> Exercise instructions
Would you reproduce the data below exactly, please, leaving out its images?

> Collected data
▼
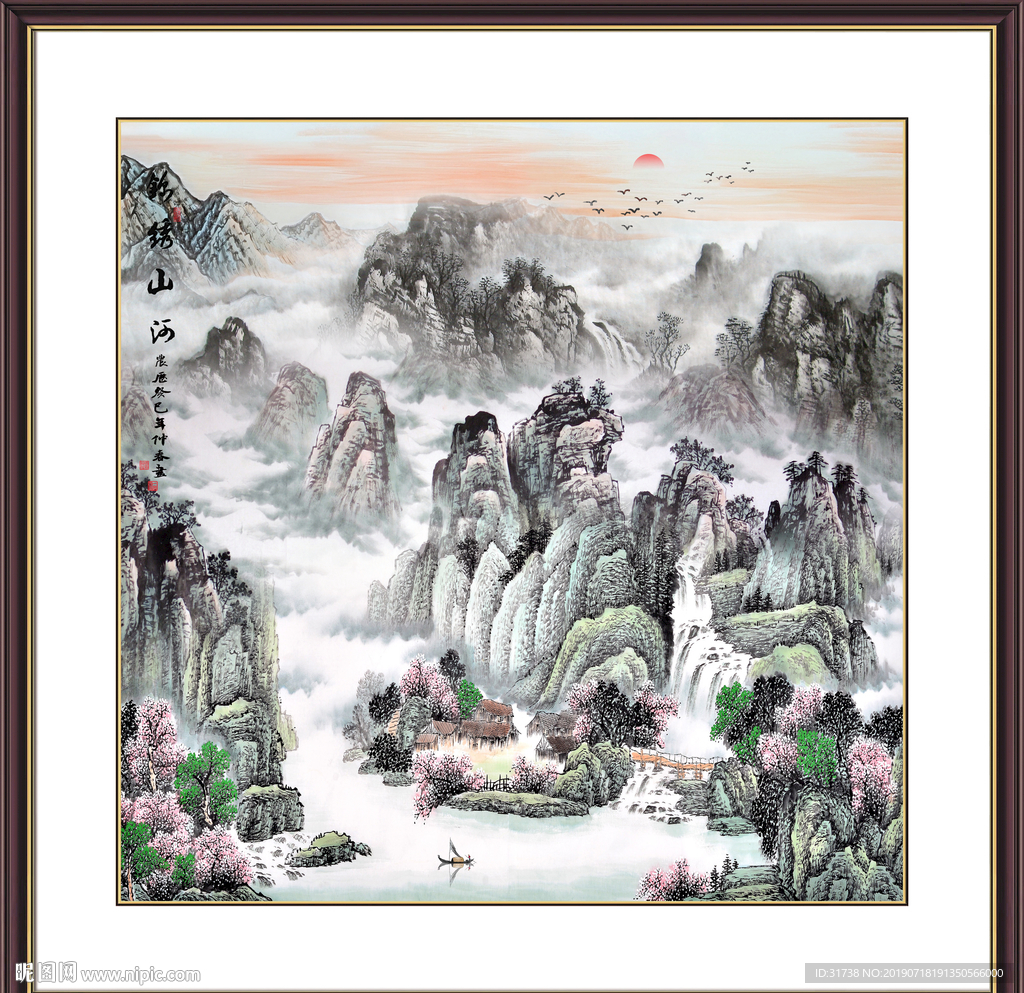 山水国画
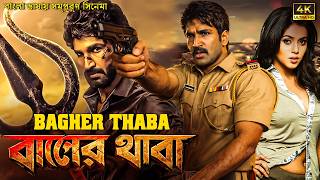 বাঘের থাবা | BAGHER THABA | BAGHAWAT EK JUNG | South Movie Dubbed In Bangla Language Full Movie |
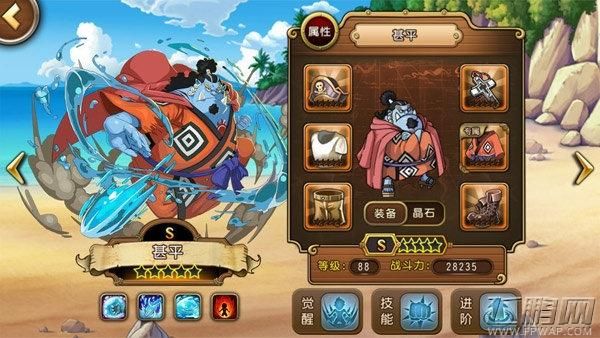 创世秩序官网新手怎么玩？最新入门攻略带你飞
▲
> Result for this task
 山水国画
 বাঘের থাবা | BAGHER THABA | BAGHAWAT EK JUNG | South Movie Dubbed In Bangla Language Full Movie |
 创世秩序官网新手怎么玩？最新入门攻略带你飞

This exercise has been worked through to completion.